WATCH OUT!!! In this spooky maze game, you must find your lost chess pieces before the AI enemy pieces hunt you down! 
Created by Ethan Heffan, Stephanie Ramirez, Tristyn Lai, and Aidan Adams


What I Did 

I was responsible for all the enemy AI. The goal was to simulate what it'd be like to be chased down by a hoard of evil sentient chess pieces. 
Here's the simple explanation of how it works: I created a grid-based pathfinding system that coordinates pieces movement such that they behave believably and never overlap. When a piece is at rest or arrives at a tile, it tells the system it wants a path. The system prioritizes the requests by piece type so certain pieces have greater movement priority (e.g. Kings move slowly, but can more easily reach where they want like a juggernaut). It forms a path via A* and a custom heuristic to incentivize unique piece behavior (e.g. Bishops assign lower costs to diagonals along their trajectory to encourage sliding long distances), then returns it.
The result is what you see above! Every piece chases the player without hardly overlapping. 
I also created a custom level editor where users can easily place walls + pieces, and convert it into a text file (see below), which is then loaded on boot-up.​​​​​​​
About the Project 

This game was created for the final creative project of my Game AI course. At the beginning, I proposed to my group that we could iterate upon my low-level WebGL chess game using a more sophisticated game engine (Unity). With most of the design already figured out, the main challenge was funnily enough related to one of my favorite life lessons learned in that class: the delicate balance between properly preparing for something vs actually doing the thing. If you just run into something using nothing but brute force, it's only inevitable you'll trip and fall from the unsteady foundation. On the other hand, if you spend all this time preparing the most perfect, elegant plan, you'll never actually begin. It's a simple, yet quite profound principle that can be applied to many aspects of life. In our case, it was the balance between developing the gameplay vs tools.

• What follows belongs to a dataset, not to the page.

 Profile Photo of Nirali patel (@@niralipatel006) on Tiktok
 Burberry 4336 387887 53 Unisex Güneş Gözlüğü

We surely could've brute forced the level design by individually placing every single wall + enemy and somehow converting that into a 2D grid of objects, but by spending the time to create a user-friendly level interface, it both benefitted the back-end AI system and the ability for my already busy teammates to craft the interesting levels we desired.
 As a result, development was super smooth! The ideation phase was enjoyable, the production was enjoyable, and we ended up with one the most impressive AI projects in the class. It taught me that if you strike the right balance, not only does the project thrive, the devs become happier too. And, if the devs are having fun, players will sense it in the final product. Ez win-win.